The purchasing managers’ index of the National Bureau of Statistics and an industry group, the China Federation of Logistics & Purchasing, fell to 49.4 from November’s 50.0 on a 100-point scale. Any reading below 50 shows that activity is contracting. The December figure was the lowest since February 2016 and the first drop since July 2016.
In the quarter that ended in September, China’s economic growth sank to a post-global crisis low of 6.5 percent compared with a year earlier. The slowdown occurred despite government efforts to stem the downturn by ordering banks to lend more and by boosting spending on public works construction.
Forecasters expect annual growth of about 6.5 percent, down slightly from 2017’s 6.7 percent. But some industry segments, including auto and real estate sales, have suffered more serious declines.
“Downward pressure on the economy is still large,” economist Zhang Liqun said in a statement issued with the PMI.
Overall orders and exports both contracted, indicating that Chinese factories are suffering from weak demand at home and abroad. Exports to the United States kept growing at double-digit monthly rates through late 2018 despite Trump’s punitive tariffs. But growth in exports to the rest of the world fell sharply in November and forecasters expect American demand to weaken in early 2019.
That adds to complications for Chinese leaders who are trying to reverse a broad economic slowdown and avert politically dangerous job losses.
In his annual New Year’s Eve address Chinese President Xi Jinping stressed self-reliance amid “changes unseen in 100 years.”
Xi stressed China’s capacity to weather the storm, citing a series of industrial and technological achievements in 2018. He said the government would keep growth from slowing too quickly and follow through on a tax cut as part of an effort “to ease the burden on enterprises.”

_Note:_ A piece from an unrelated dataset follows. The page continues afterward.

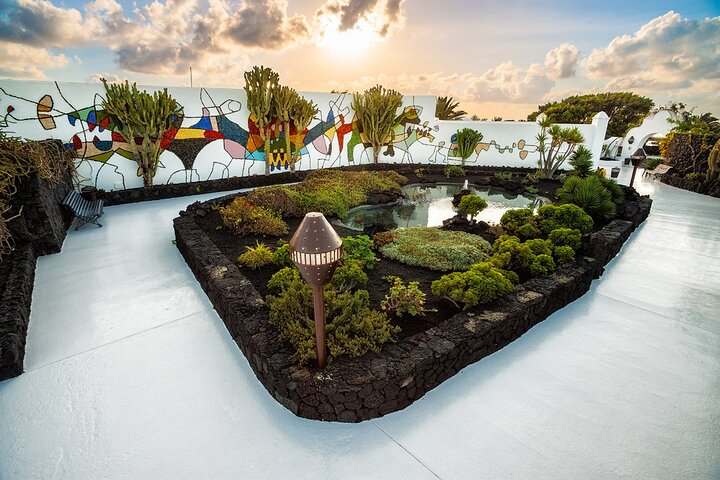 Tour to César Manrique Foundation, Cactus Garden and Teguise for cruise passengers - Image 1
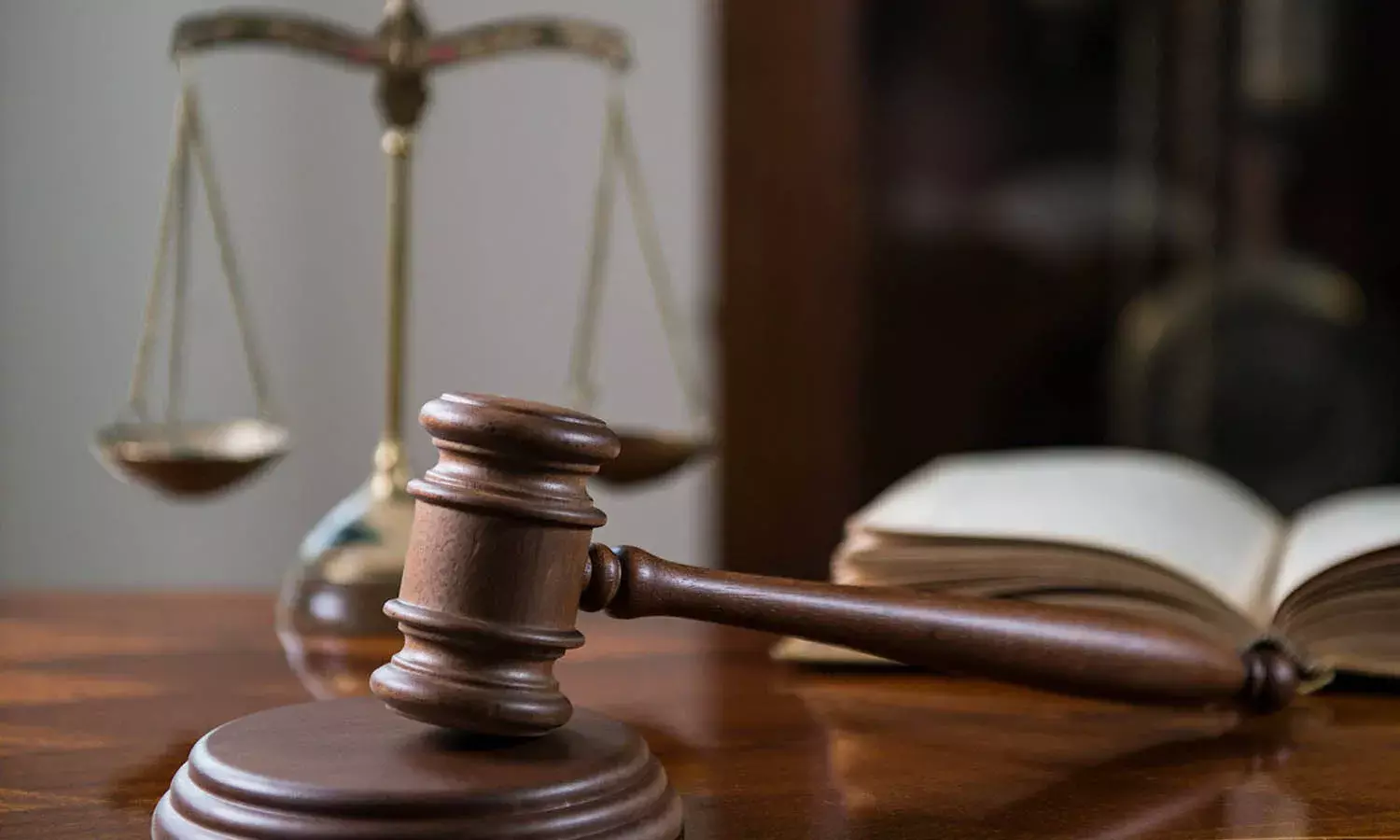 രാഹുലിനെതിരെ പരാതി നല്‍കിയ യുവതിയുടെ  വിവരങ്ങള്‍ വെളിപ്പെടുത്തിയ ഉദുമ സ്വദേശിക്കെതിരെ കേസ്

“Despite all sorts of risks and challenges, we pushed our economy towards high-quality development, sped up the replacement of the old drivers of growth, and kept the major economic indicators within a reasonable range,” Xi said.
The government launched over 100 reform measures in 2018, Xi said Monday, and stepped up efforts to improve standards of living.
“Our people are the country’s solid foundation and our main source of confidence to govern,” he said.
Chinese and U.S. envoys are scheduled to meet early this month for negotiations that are intended to resolve their economically threatening trade war. Over the weekend, Trump sounded an optimistic note, tweeting that he had spoken with Xi by phone.
“Deal is moving along very well,” Trump tweeted. “If made, it will be very comprehensive, covering all subjects, areas and points of dispute. Big progress being made!”
But economists say the 90-day moratorium on new penalties that was agreed to by Trump and Xi on Dec. 1 is likely too little time to resolve their sprawling dispute.
Chinese economic activity already was weakening after the Chinese government tightened controls on bank lending in late 2017 to cool a debt boom. The downturn was more abrupt than expected, which prompted regulators to shift course and ease credit controls. But they moved gradually to avoid reigniting a rise in debt. Their measures have yet to put a floor under declining growth.
Chinese leaders promised at an annual economic planning meeting in mid-December to shore up growth with tax cuts, easier lending for entrepreneurs and other steps.